Case 1: Joseph K. fails to name Fred as beneficiary. The IRA is included in Joseph K.'s estate. The estate can stretch out the distributions over Joseph K.'s expected lifespan, in this case 9.2 years, pay taxes on them and then pass them along to Fred. More likely, whoever is looking after the estate won't want to keep doing so for nine or 10 years, and will decide to pay the taxes upfront -- in this case at 25 percent -- to close the matter.

Fred starts out with $37,500 to invest, in an account that is now taxable. After 10 years invested at a return of five percent, after taxes at a marginal federal rate of 25 percent, the initial $50,000 IRA is worth a little over $54,000.

Case 2: Joseph K. names Fred as beneficiary. The IRA is not included in Joseph's estate, and goes directly to Fred. He can leave it invested as is, or move it to another bank, broker or fund company, and invest it however he wants. But he does have to start withdrawing over his own expected life span, which is 31.4 years. The minimum he has to withdraw in the first year is $50,000 divided by 31.4 years, or $1,592. (The next year his minimum is the account value divided by 30.4 years, and so forth, rather than going back to the life expectancy tables every year.)

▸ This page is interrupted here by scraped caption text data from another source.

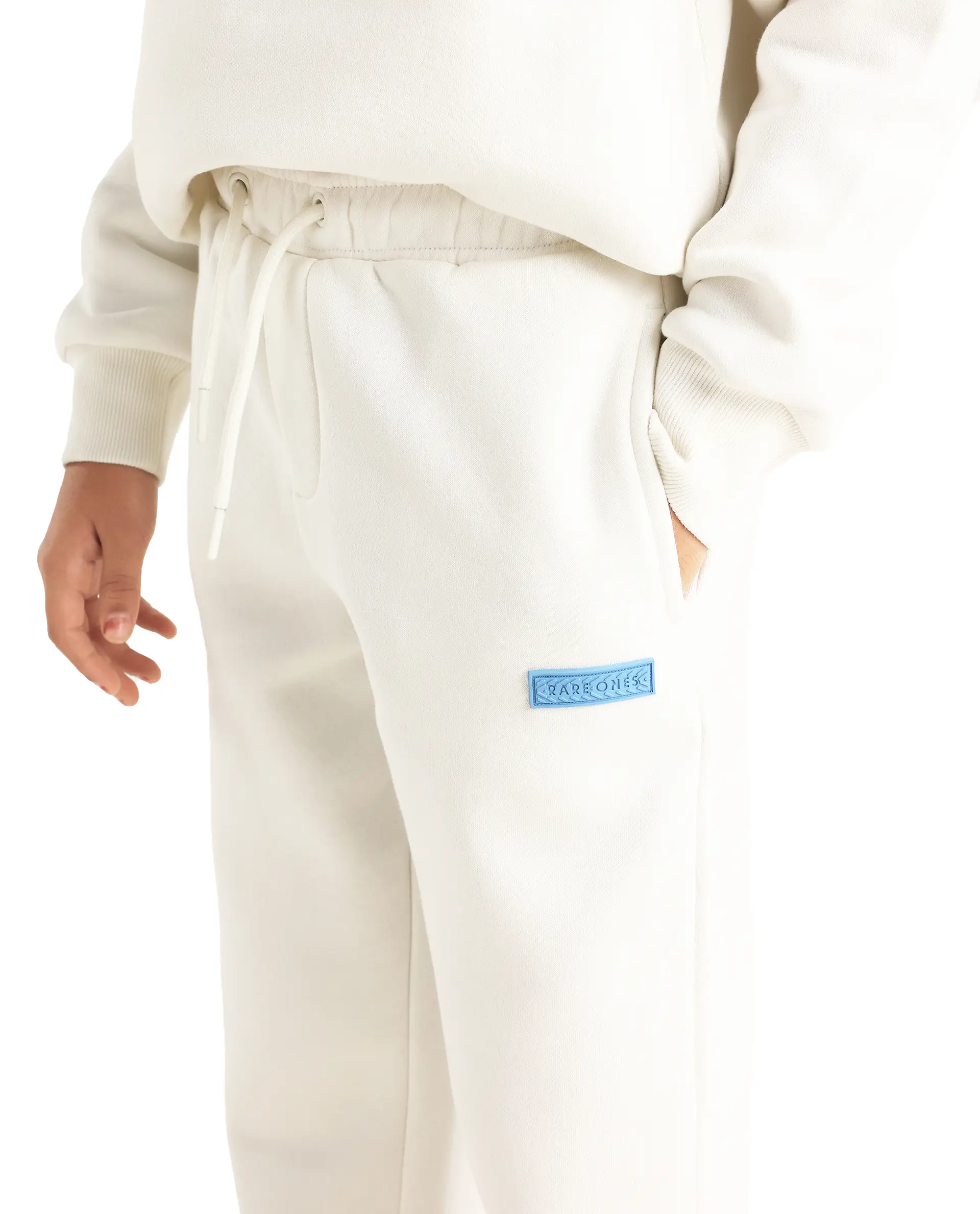 Rare Ones Kids Fabio-B Off White Cotton Blend Drawstring Closure Hd Print Straight Fit Trackpant - Image 4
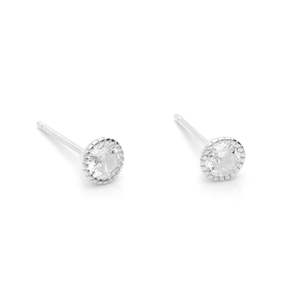 Round CZ Martini Stud Earrings - Silver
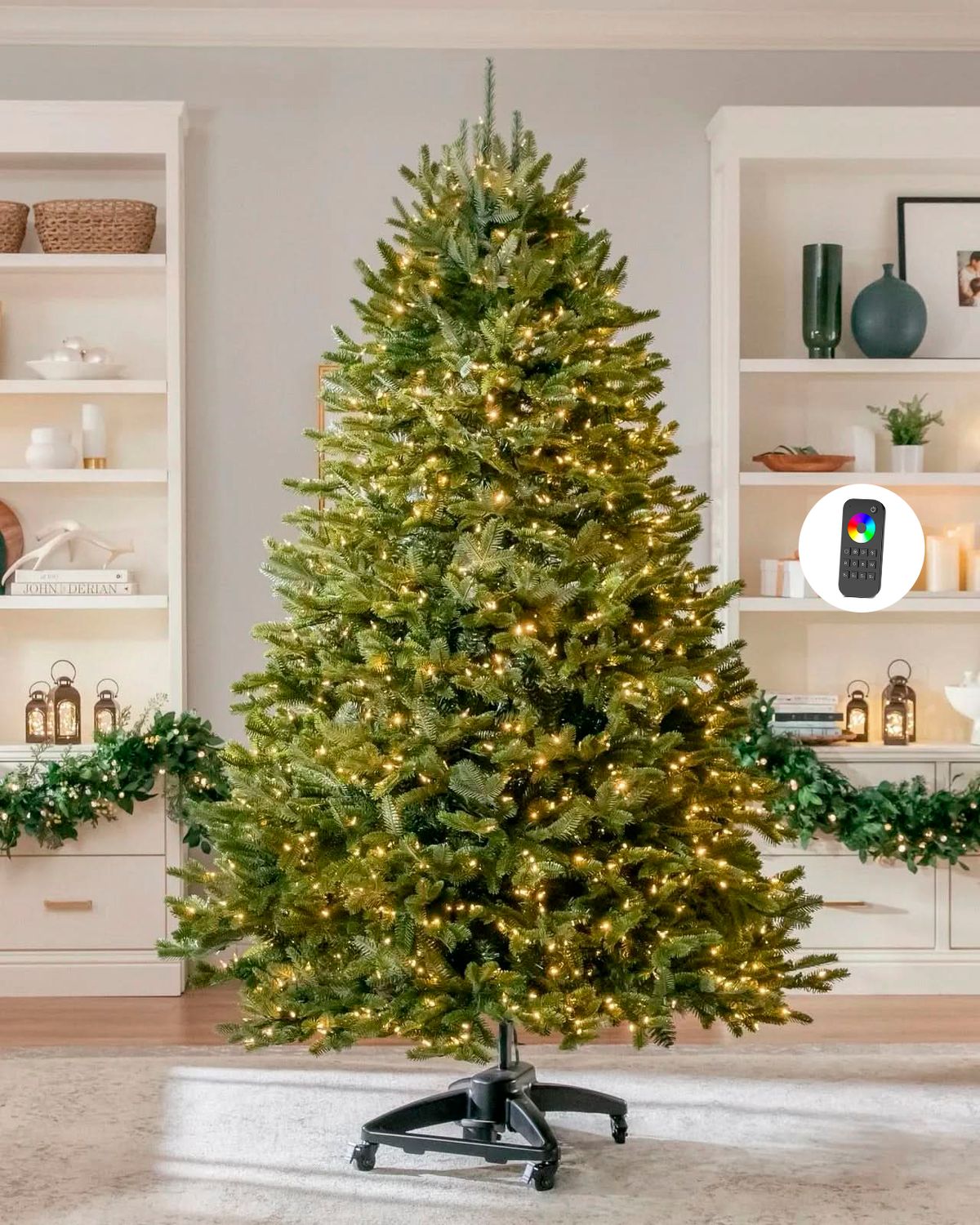 Árvore de Natal Retrátil Mágica com Rodinhas e Micro LEDs Embutidos + Controle Remoto | BRINDE 132 Enfeites Natalinos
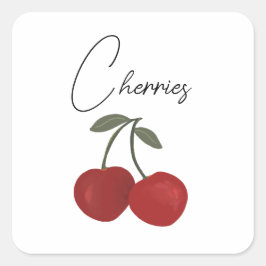 Adesivo Quadrado Two Red Cherries Illustration | Cute Fruit Art 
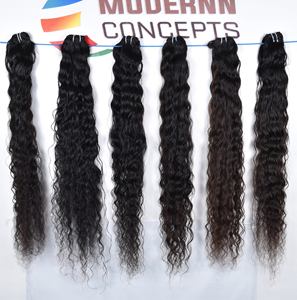Vente en gros d'extensions de cheveux humains indiens à cuticule alignée à 100% vierge bouclés couleur noire droite vague naturelle traitée chimiquement - Product Image 4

Or Fred can take out more than the minimum, whenever he wishes. He pays income taxes on all distributions.

If Fred withdraws the minimum, and invests the distributions in a taxable account at five percent, but leaves the bulk of the account in the inherited IRA, invested tax-deferred also at five percent, in 10 years the two accounts are worth nearly $70,000. Even after distributions, the IRA is worth about $51,000, and the new account with the distributions has grown to about $18,000. (Better yet, if Fred set up a new IRA and invested the distributions tax free, the total would be a few thousand higher, and he might have gotten deductions from the contributions to his own IRA.)

It's just a matter of paperwork, but if you've someone you want to inherit your IRAs, be sure they're signed up. Just as important, see that they know the value of leaving the money untouched as long as possible. And you can change the beneficiaries at any time.

My friend Tom Zanecchia, a financial advisor of the highest order and head of Wealth Management Consultants in Denver, checked the soundness of my reasoning above, and adds this point:

If Joseph K. did not need the assets in the IRA, and wanted to pass it on to his children, then he probably ought to convert to a Roth IRA. He would pay the conversion taxes now from other funds, roll over the pretax amount into a Roth, and make his children the beneficiaries of that account. They would not have to take any distribution from the Roth until they need it, and get maximum tax-free buildup. The bottom line is comparing the present value of taxes paid on the built-up account in the future (with the Roth IRA, probably very little) to the taxes paid today.